Lead single, “Houdini”, is exemplary of that. An energetic groove and a passionate performance by the singer make for an interesting next step for her sound, yet it can hardly be said it fully abandons disco. More illustrative still is its extended mix, which spends more time with its most 80s-adjacent elements and allows the sound to expand further. The second single, “Training Season”, is a better representation of the album’s sonic palette of synths, organic basslines, and guitar flourishes, but one listen to the extended version shows it could do without the immediacy built into it. Further building the case for giving ideas time to breathe is the much worse-received single “Illusion”, whose extended version adds enough quality parts to the song to make things like the extended syllable hook work a lot better. The new sound Dua Lipa chose is made up of many great elements, and while she can rise to meet them, it is questionable whether they can bend to fit the Dua Lipa mold.

In keeping with the struggle between artistic wants and commercial needs, a lot of the album sounds like the safest version of itself. Opener “End Of An Era” fits its title by presenting the most immediately recognizable version of the Parker-Harle sound, particularly with its bass and synth.

At the same time, Lipa delivers a fun performance, but there is little to keep the listener coming back. The mid-tempo sunshine of “These Walls” is a perfectly pleasant bit of pop drama that almost recalls her debut album, in that its quality hardly translates into personality. “French Exit” brings a drum and guitar forward groove and the lyrical tension of leaving without an explanation, creating a milder but more effective feel of immediacy than that of “Training Season”. “Anything For Love” is a red herring, much like the album’s promotion, as it starts by hinting at a ballad before bringing a light bass groove for the second verse and finishing without any truly striking moment.
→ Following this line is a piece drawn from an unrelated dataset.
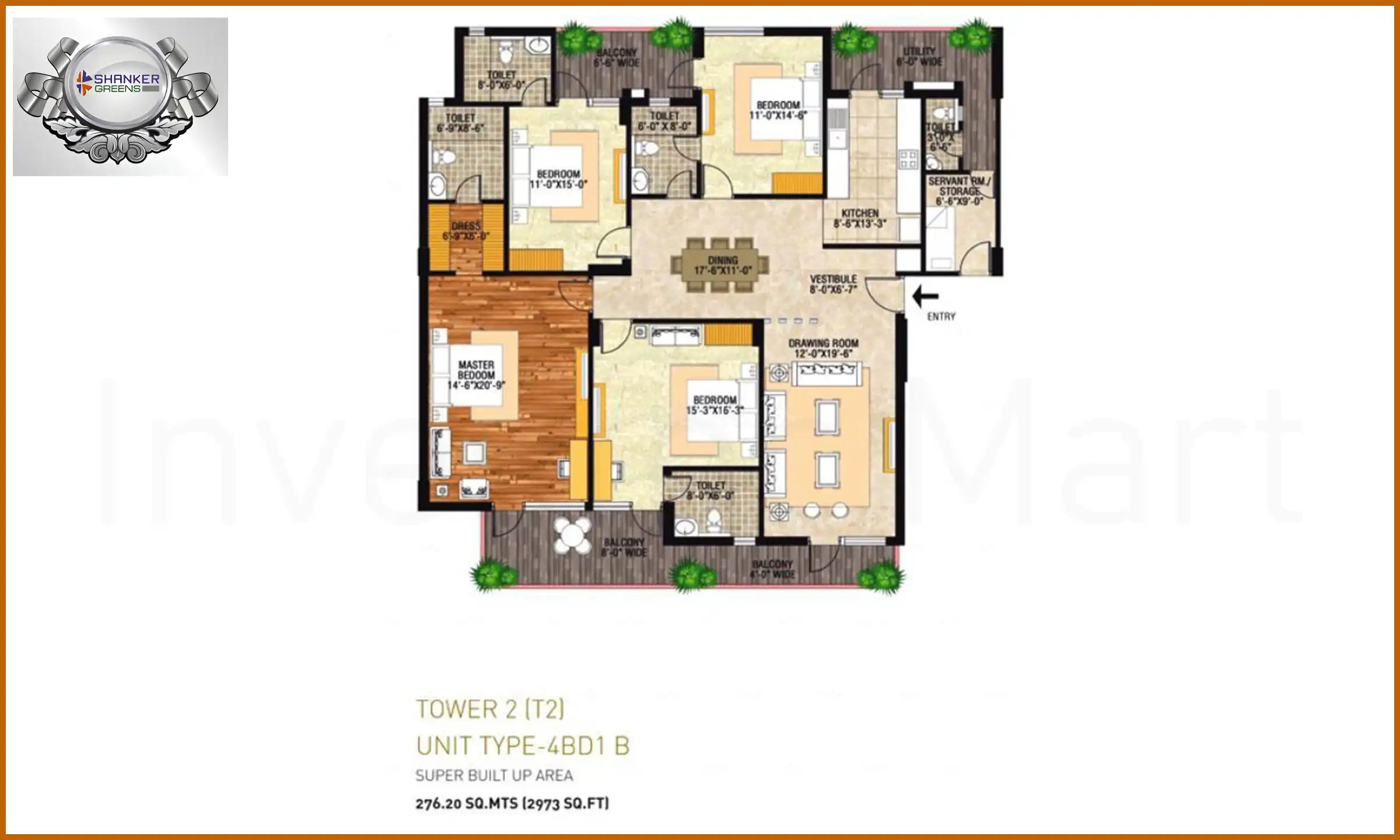 2973 Sqft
Closer “Happy For You” seemingly shoots for a more atmospheric sound, as Lipa’s voice is made to blend with the instrumental swell of the chorus before the synths fade out into an undeniably well-crafted end for the record.

You see parts of what should be interesting music throughout, but Radical Optimism seems more interested in never failing to be good than in succeeding at all at being excellent.
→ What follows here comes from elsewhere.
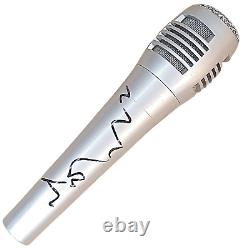 LaToya Jackson Signed Microphone Beckett Authentic Autograph R&B Pop Proof Photo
A Dua Lipa album still needs hits though, and there are certainly attempts at creating one. “Whatcha Doing” combines one of the better basslines with a driving percussion. Inspired synth choices and a wordy singalong pre-chorus make this one of the cuts in this record the listener will have a harder time getting off their head. “Falling Forever” dials up the drama in instrumental and singing alike. Lipa belting out the chorus atop a “Running Up That Hill” style beat is possibly the most strikingly theatrical moment in the whole record, and it’ll certainly make for an interesting showcase live. “Maria” is the most guitar-forward cut, and its inventive synth choices create a subtly energetic sound that will sneak up on you. It strikes possibly the best balance between being creative and undeniably catchy.
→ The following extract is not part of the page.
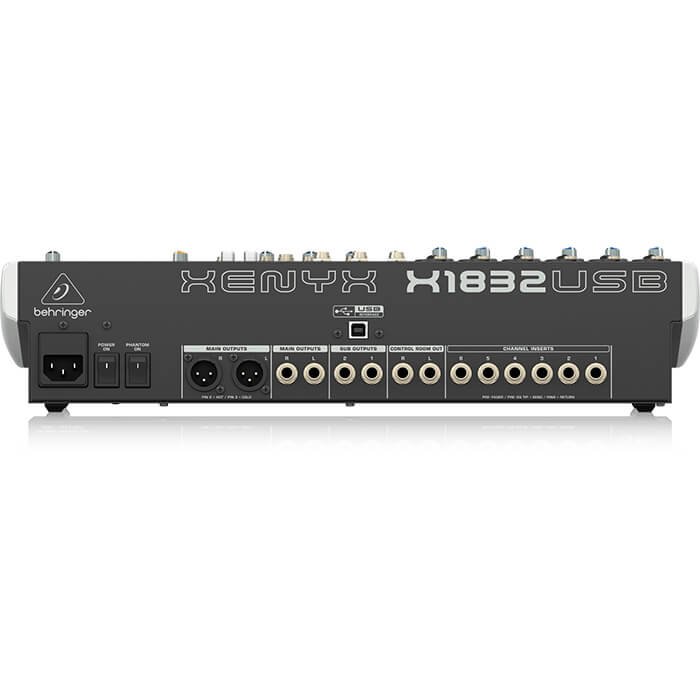 X1832USB_1 Behringer X1832USB Premium 18-Input 3/2-Bus Mixer with XENYX - Image 2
One striking feature of Dua Lipa’s previous blockbuster Future Nostalgia was how immediately memorable it was. It was quickly obvious that that album was bound to be a hit factory. Radical Optimism, meanwhile, leaves one confused as to what its purpose is. Repeated listens might make you think you’re listening to a record with part of it missing. It doesn’t sound like it’s stacked with three years of radio hits, as it is completely out of step with a pop landscape in some ways still colored by the aftermath of Dua Lipa’s previous era. It’s also not the grand next step of an auteur one might wish it were, as its most creative choices still don’t make it out of the realm of ‘safe’.

Dua Lipa eras are a slow burn, and her songs are known for taking a while to grow on people, but as it stands her elusive pop domination stands on shaky ground. Her next move will determine how much longevity she has. For the devoted fans, meanwhile, at least it can be said that at its worst her music is still worth listening to.